[Protest of Army Corps of Engineers Contract Award]
Highlights
A firm protested the award of a cost-plus-award-fee (CPAF) contract for the operation and maintenance of two Government-owned facilities under a request for proposals (RFP) issued by the Army Corps of Engineers. The protester alleged that: (1) the Army did not establish specific evaluation factors for determining which proposal offered the lowest cost to the Government; (2) the Army made no evaluation of the cost realism of the proposals submitted; and (3) the awardee's offer should have been rejected because it did not provide for any profit. The RFP required offerors to propose only a CPAF fee structure utilizing the Government estimate as their estimated base cost figure. The award was to be made to the offeror whose total fee percentage was lowest.
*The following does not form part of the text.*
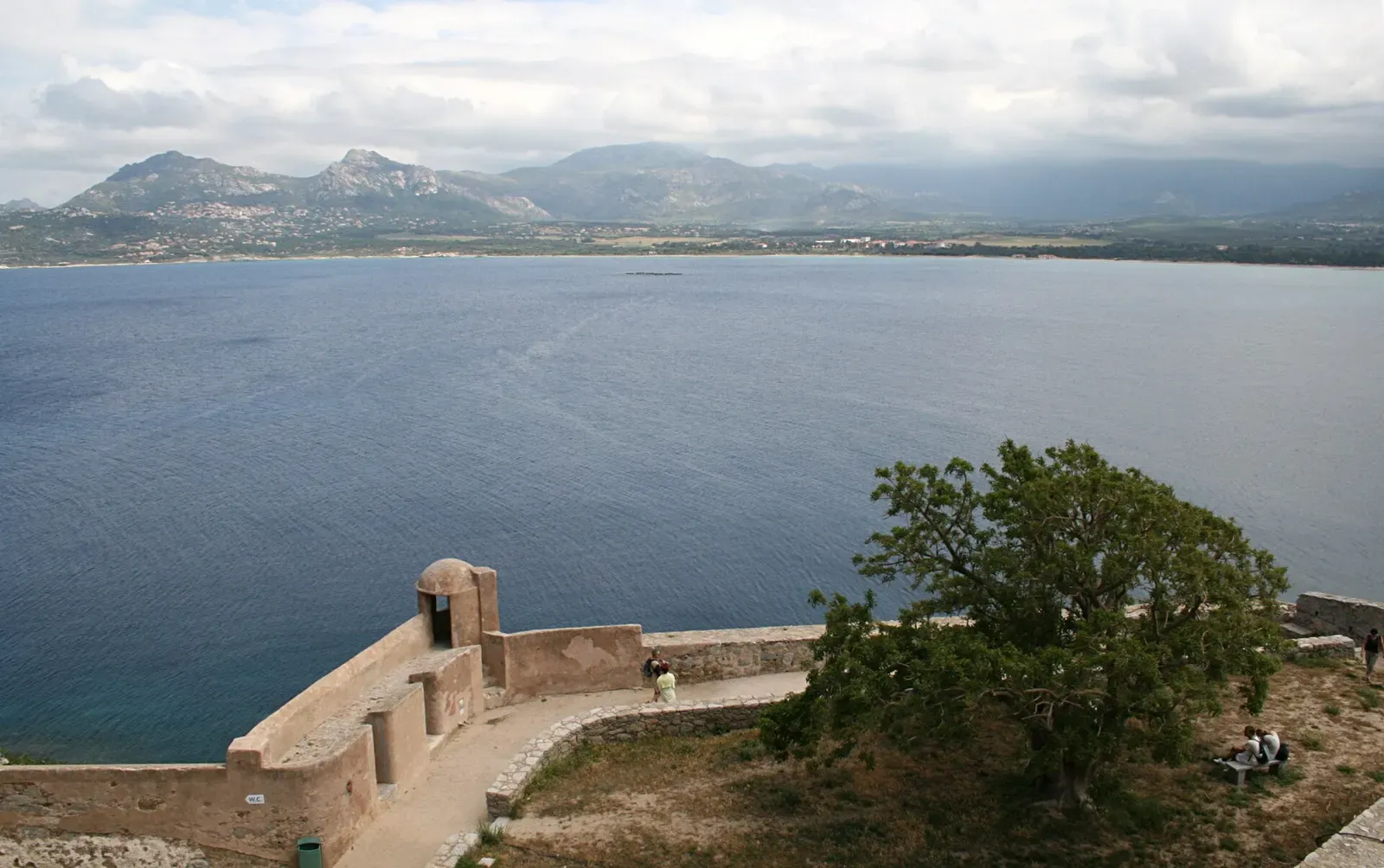 Watchtower on Calvi's citadel wall looking out over the wide bay toward the mountains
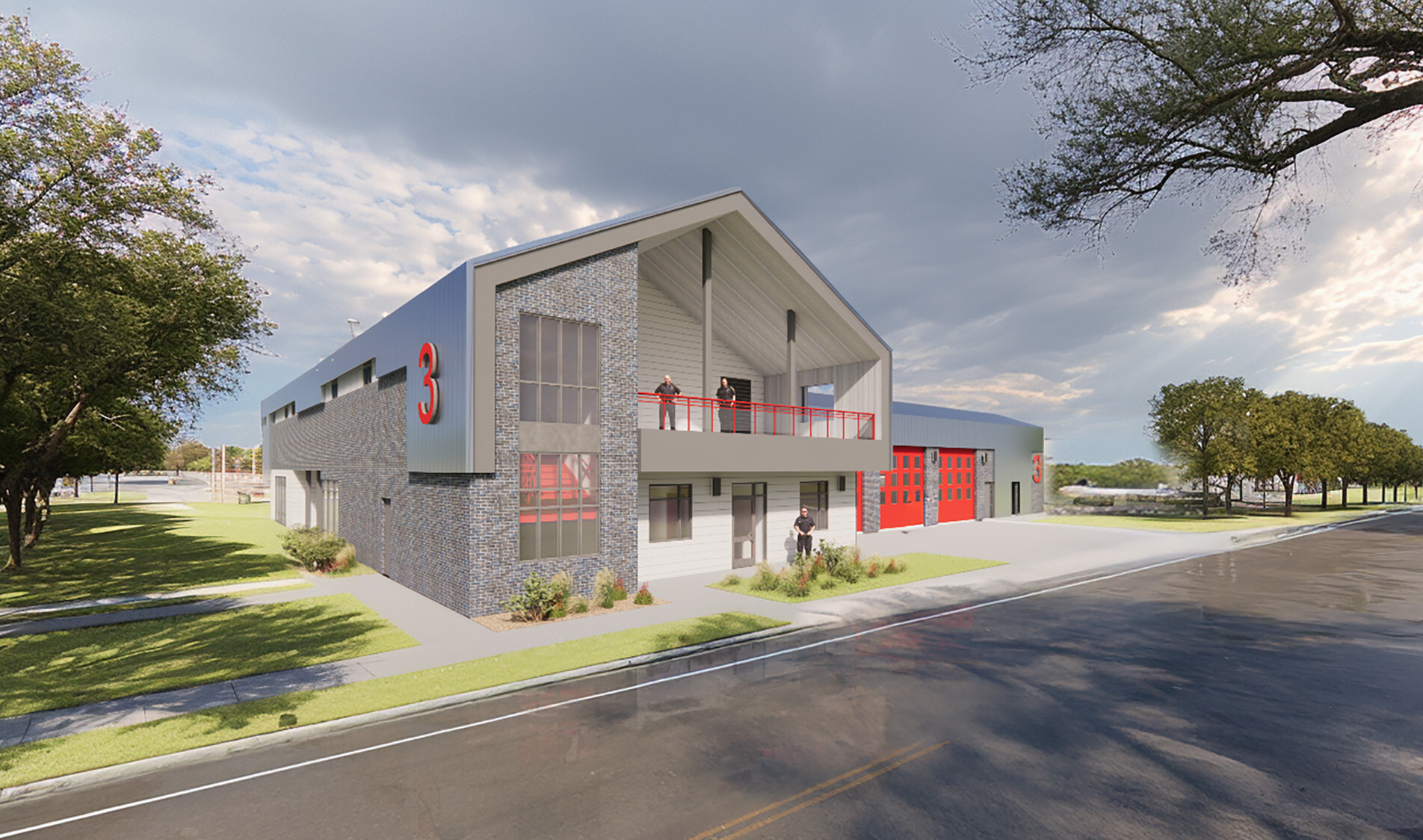 Front view of the two-story fire station. Gray brick façade with red accents.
Because the RFP did not require offerors to submit independent cost proposals, GAO stated that it was not possible for the Army to conduct a cost realism analysis; nevertheless, the deficiencies in the procurement warranted consideration of the protest on its merits. GAO held that a CPAF award made on the basis of the lowest proposed fees, without solicitation or consideration of any other proposed costs, precludes an adequate cost realism analysis of competing offers and is contrary to an applicable statute which requires that proposals, including price, be solicited in negotiated procurements. The award fee of a CPAF contract is intended to operate as an incentive for excellence in contract performance. A competition in which offerors may propose award fees of 0 percent defeats the purpose of such fees. A competition where neither cost nor technical proposals are requested and where there is no basis for meaningful negotiations is a competition in form without substance. Accordingly, the protest of the cost realism analysis issue was sustained. Because the one ground of protest was sustained, GAO did not consider it necessary to decide the merits of the protester's other allegations.